▶ Work required: From the records below, extract all the text exactly and leave the images behind.

Records from a dataset
****

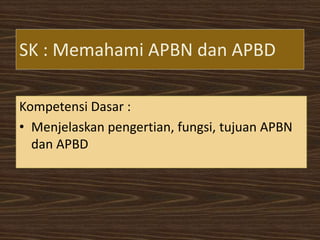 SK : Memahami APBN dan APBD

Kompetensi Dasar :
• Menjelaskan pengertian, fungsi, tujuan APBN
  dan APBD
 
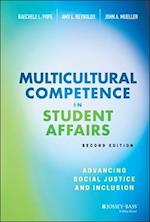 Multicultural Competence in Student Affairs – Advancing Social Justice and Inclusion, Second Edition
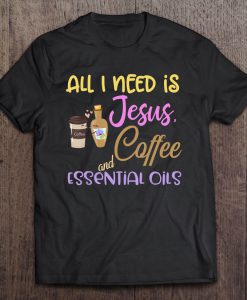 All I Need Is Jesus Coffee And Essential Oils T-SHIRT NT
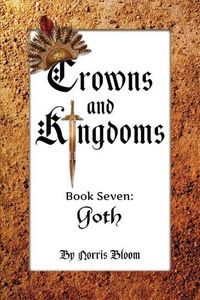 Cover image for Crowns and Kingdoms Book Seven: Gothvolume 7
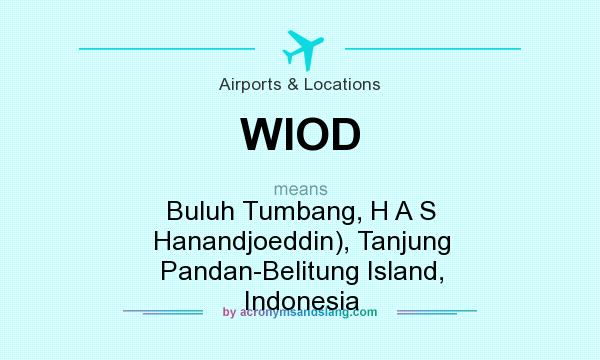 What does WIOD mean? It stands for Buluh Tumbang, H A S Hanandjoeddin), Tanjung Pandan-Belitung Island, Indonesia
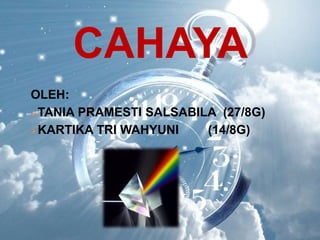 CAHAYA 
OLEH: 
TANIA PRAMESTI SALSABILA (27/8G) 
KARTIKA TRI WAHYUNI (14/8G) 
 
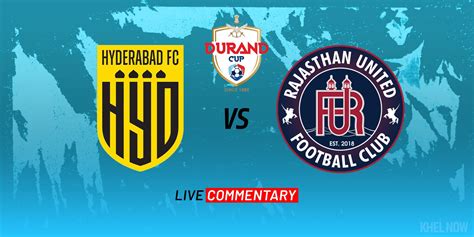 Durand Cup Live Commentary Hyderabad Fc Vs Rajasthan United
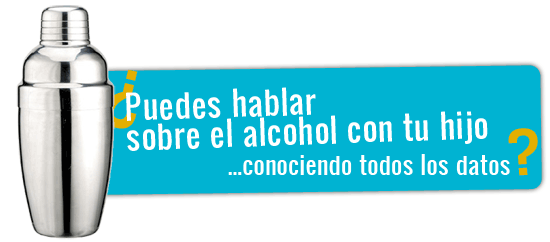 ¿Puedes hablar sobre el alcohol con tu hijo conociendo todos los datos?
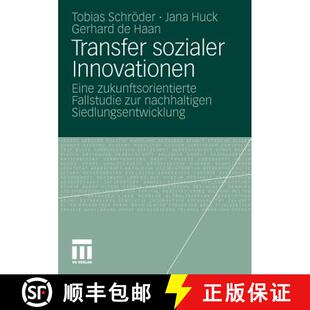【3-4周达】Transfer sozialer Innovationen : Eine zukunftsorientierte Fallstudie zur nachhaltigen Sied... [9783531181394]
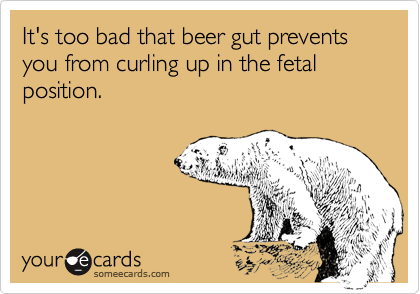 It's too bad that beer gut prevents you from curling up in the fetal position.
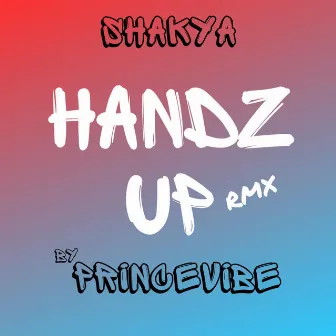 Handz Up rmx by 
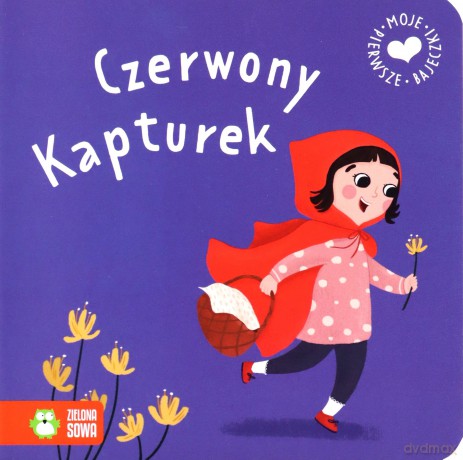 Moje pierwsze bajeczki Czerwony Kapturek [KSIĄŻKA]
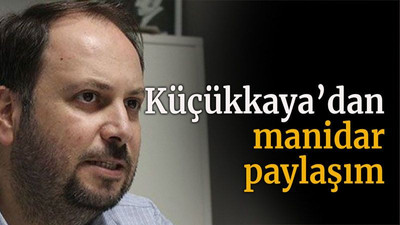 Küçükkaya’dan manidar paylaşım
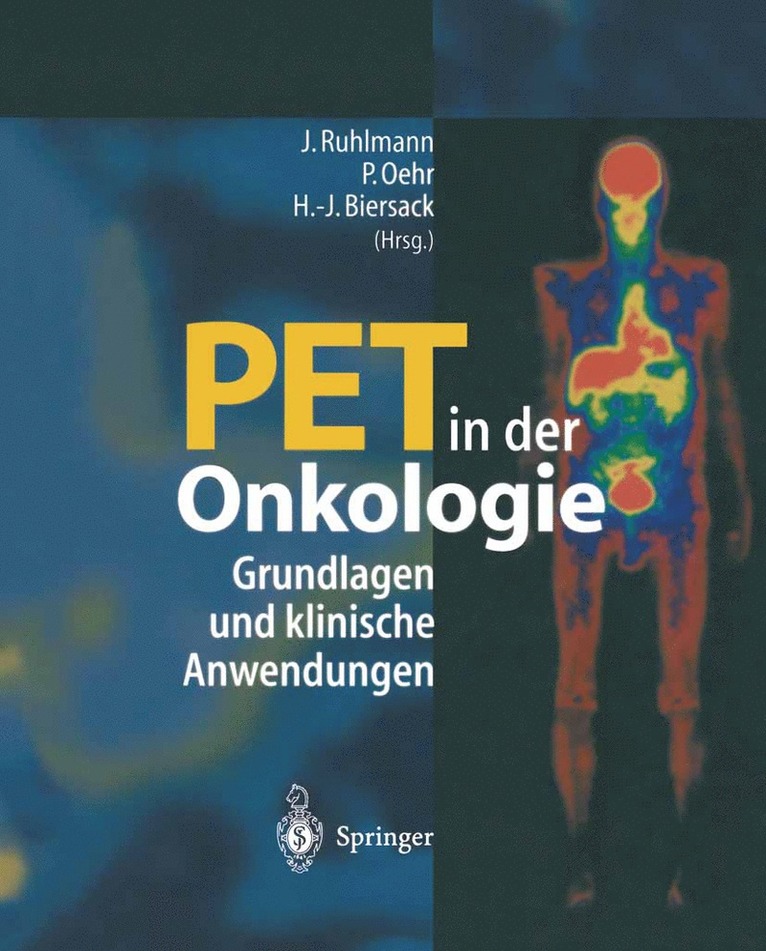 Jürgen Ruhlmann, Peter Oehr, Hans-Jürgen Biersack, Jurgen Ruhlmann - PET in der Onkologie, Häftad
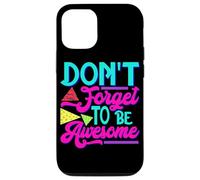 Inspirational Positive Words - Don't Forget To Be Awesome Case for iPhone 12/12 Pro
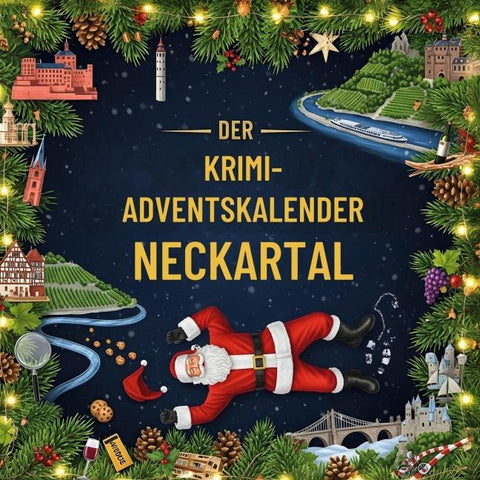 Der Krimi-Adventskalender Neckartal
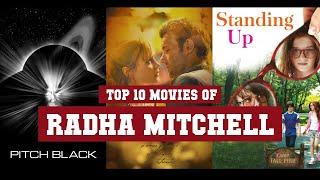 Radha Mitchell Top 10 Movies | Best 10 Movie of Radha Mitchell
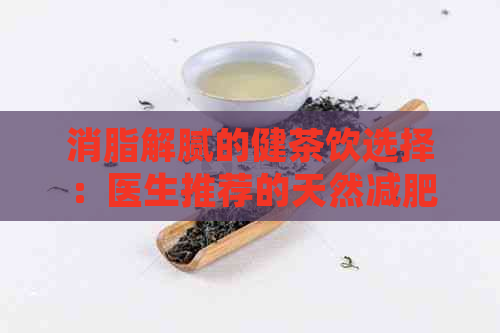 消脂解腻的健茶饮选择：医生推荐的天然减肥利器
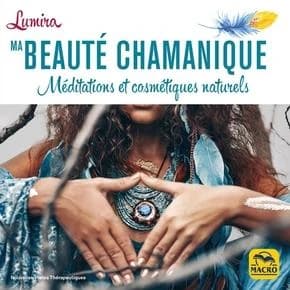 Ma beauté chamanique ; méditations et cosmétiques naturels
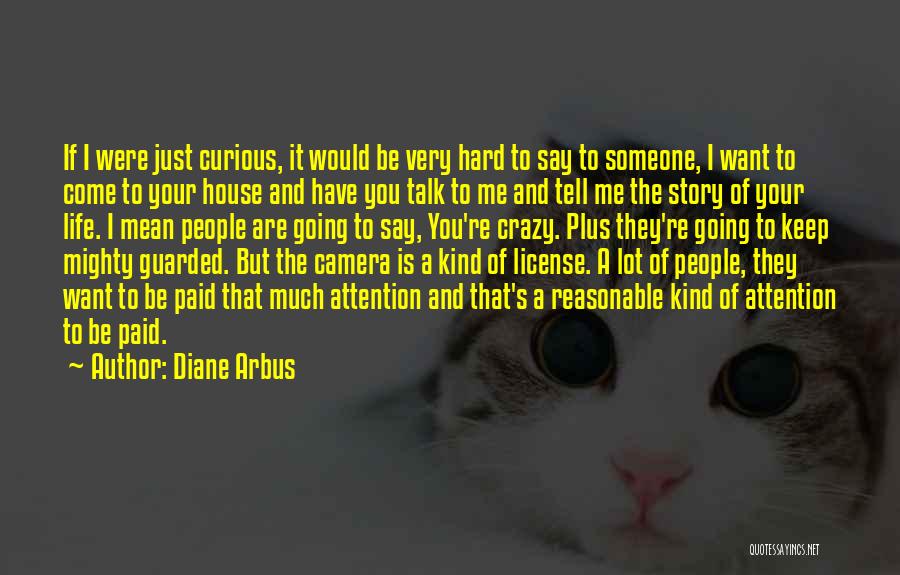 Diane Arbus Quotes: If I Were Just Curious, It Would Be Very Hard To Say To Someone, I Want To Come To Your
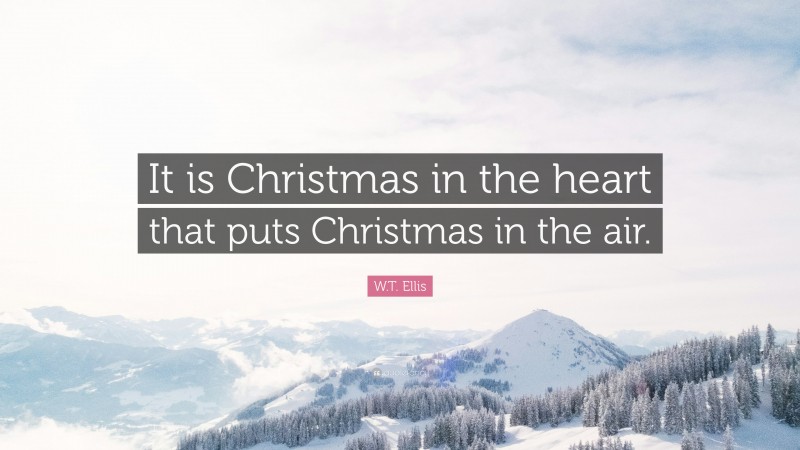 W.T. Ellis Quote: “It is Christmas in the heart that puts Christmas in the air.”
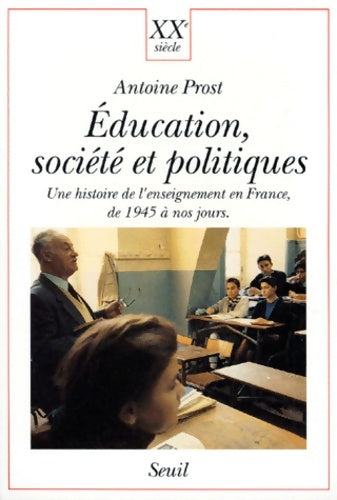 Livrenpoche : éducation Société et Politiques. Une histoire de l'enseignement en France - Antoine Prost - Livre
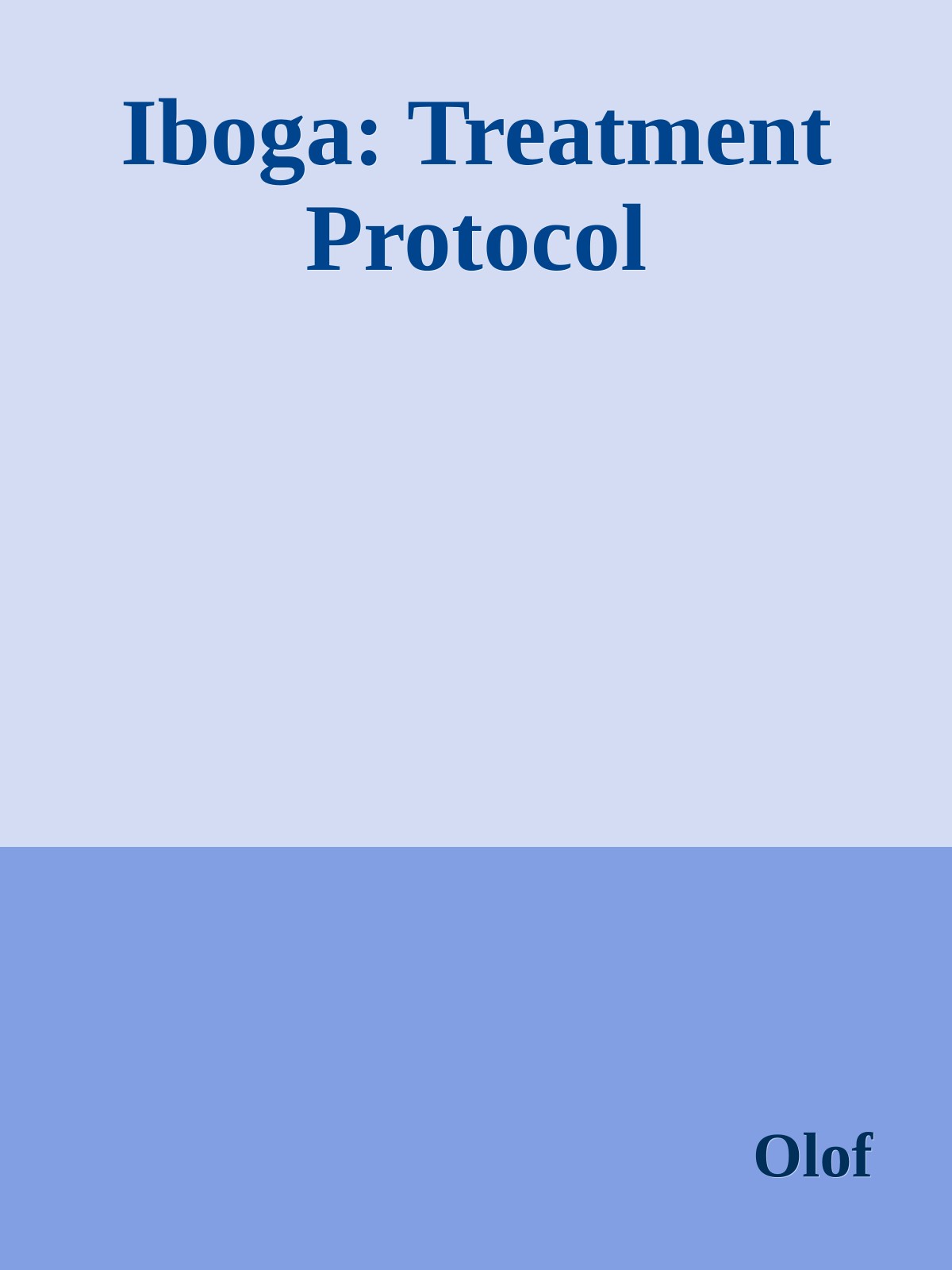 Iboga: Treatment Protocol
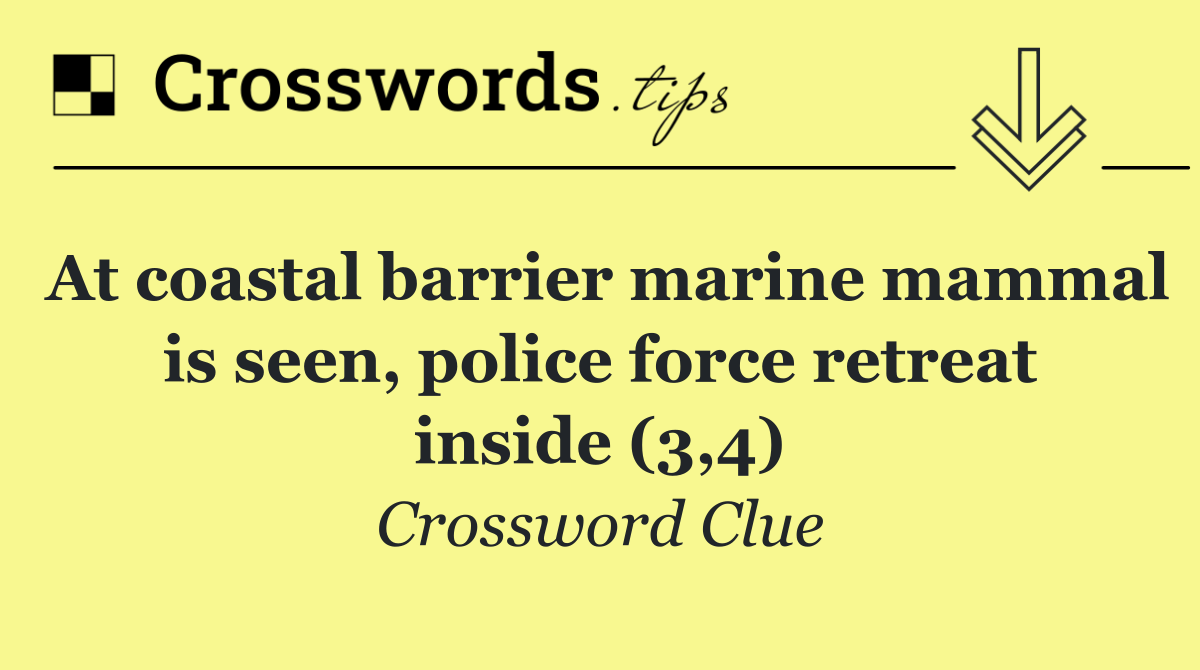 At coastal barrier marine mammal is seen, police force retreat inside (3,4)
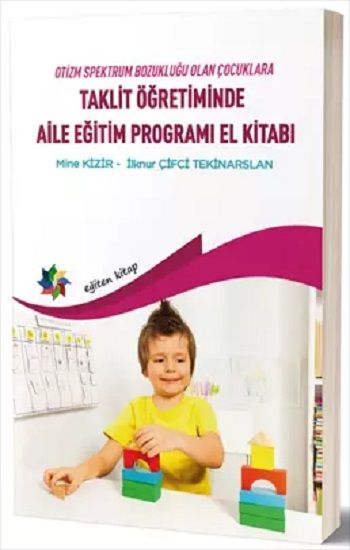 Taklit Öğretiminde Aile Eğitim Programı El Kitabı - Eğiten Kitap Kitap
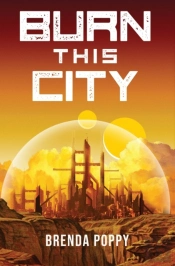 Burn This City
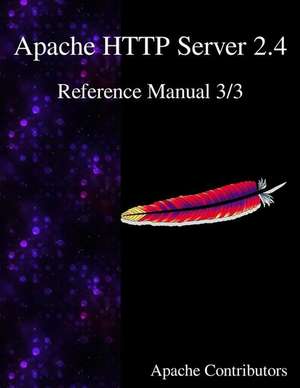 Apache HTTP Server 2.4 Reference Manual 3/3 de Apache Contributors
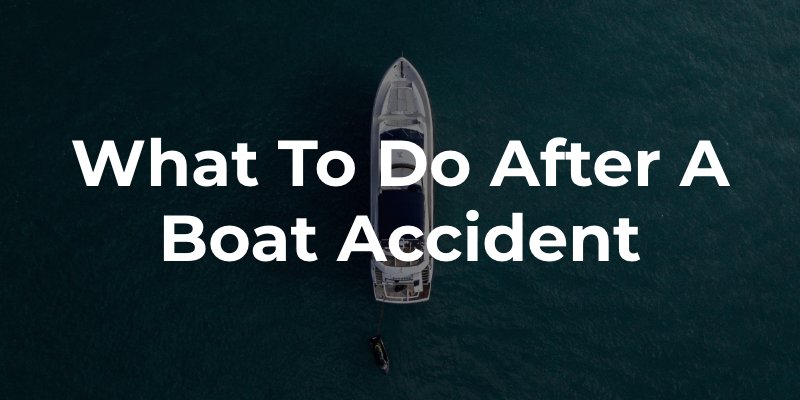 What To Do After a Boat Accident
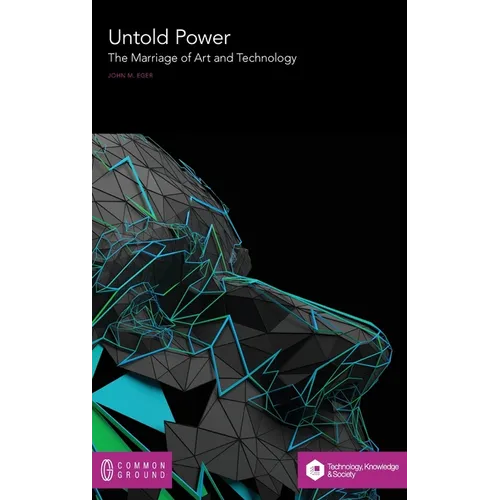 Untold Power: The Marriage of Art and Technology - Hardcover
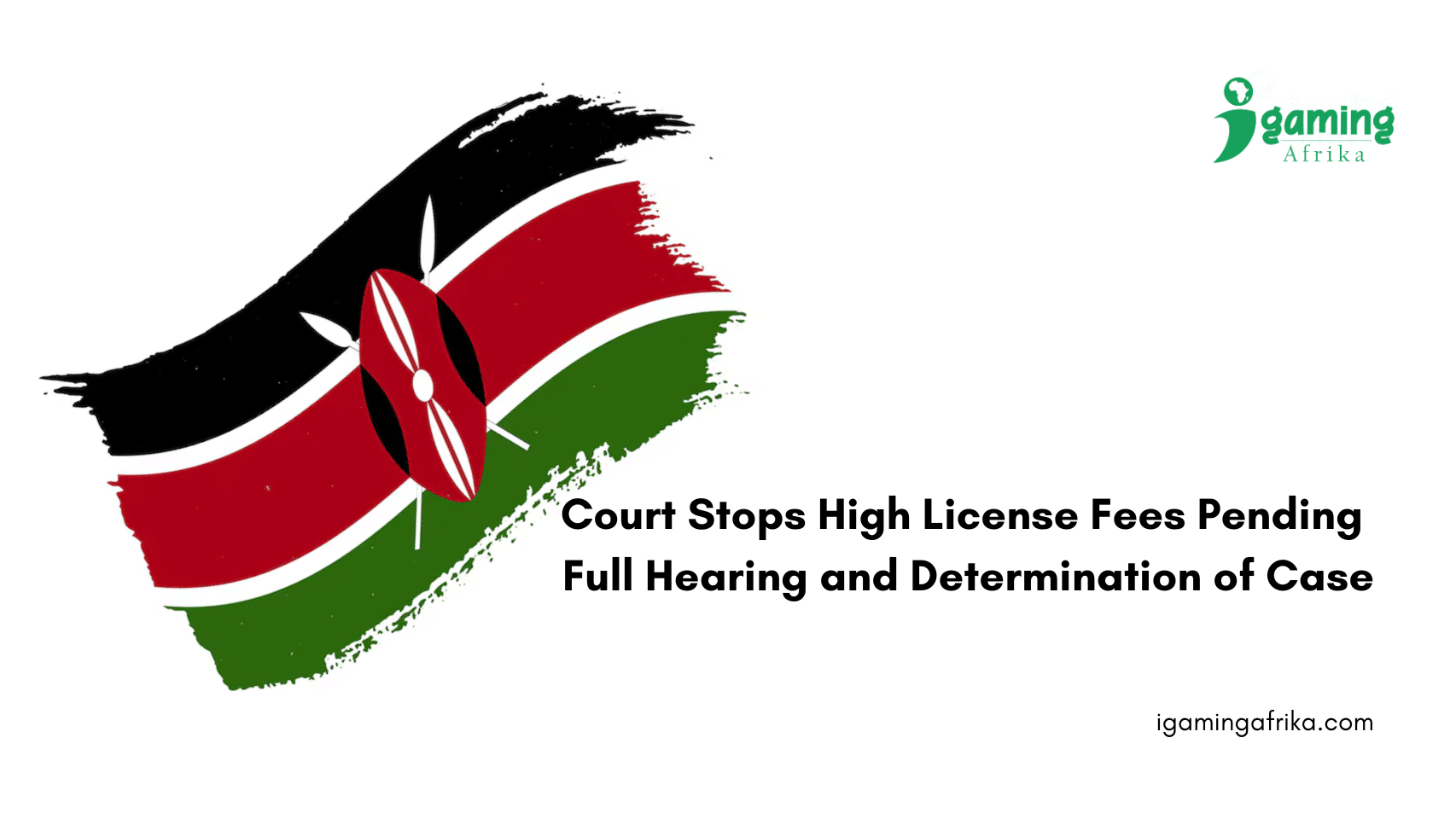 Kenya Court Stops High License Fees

****

▶ Finished exercise:
 SK : Memahami APBN dan APBD

Kompetensi Dasar :
• Menjelaskan pengertian, fungsi, tujuan APBN
  dan APBD
 
 Multicultural Competence in Student Affairs – Advancing Social Justice and Inclusion, Second Edition
 All I Need Is Jesus Coffee And Essential Oils T-SHIRT NT
 Cover image for Crowns and Kingdoms Book Seven: Gothvolume 7
 What does WIOD mean? It stands for Buluh Tumbang, H A S Hanandjoeddin), Tanjung Pandan-Belitung Island, Indonesia
 CAHAYA 
OLEH: 
TANIA PRAMESTI SALSABILA (27/8G) 
KARTIKA TRI WAHYUNI (14/8G) 
 
 Durand Cup Live Commentary Hyderabad Fc Vs Rajasthan United
 ¿Puedes hablar sobre el alcohol con tu hijo conociendo todos los datos?
【3-4周达】Transfer sozialer Innovationen : Eine zukunftsorientierte Fallstudie zur nachhaltigen Sied... [9783531181394]
 It's too bad that beer gut prevents you from curling up in the fetal position.
 Handz Up rmx by 
 Moje pierwsze bajeczki Czerwony Kapturek [KSIĄŻKA]
 Küçükkaya’dan manidar paylaşım
 Jürgen Ruhlmann, Peter Oehr, Hans-Jürgen Biersack, Jurgen Ruhlmann - PET in der Onkologie, Häftad
 Inspirational Positive Words - Don't Forget To Be Awesome Case for iPhone 12/12 Pro
 Der Krimi-Adventskalender Neckartal
 Radha Mitchell Top 10 Movies | Best 10 Movie of Radha Mitchell
 消脂解腻的健茶饮选择：医生推荐的天然减肥利器
 Ma beauté chamanique ; méditations et cosmétiques naturels
 Diane Arbus Quotes: If I Were Just Curious, It Would Be Very Hard To Say To Someone, I Want To Come To Your
 W.T. Ellis Quote: “It is Christmas in the heart that puts Christmas in the air.”
 Livrenpoche : éducation Société et Politiques. Une histoire de l'enseignement en France - Antoine Prost - Livre
 Iboga: Treatment Protocol
 At coastal barrier marine mammal is seen, police force retreat inside (3,4)
 Taklit Öğretiminde Aile Eğitim Programı El Kitabı - Eğiten Kitap Kitap
 Burn This City
 Apache HTTP Server 2.4 Reference Manual 3/3 de Apache Contributors
 What To Do After a Boat Accident
 Untold Power: The Marriage of Art and Technology - Hardcover
 Kenya Court Stops High License Fees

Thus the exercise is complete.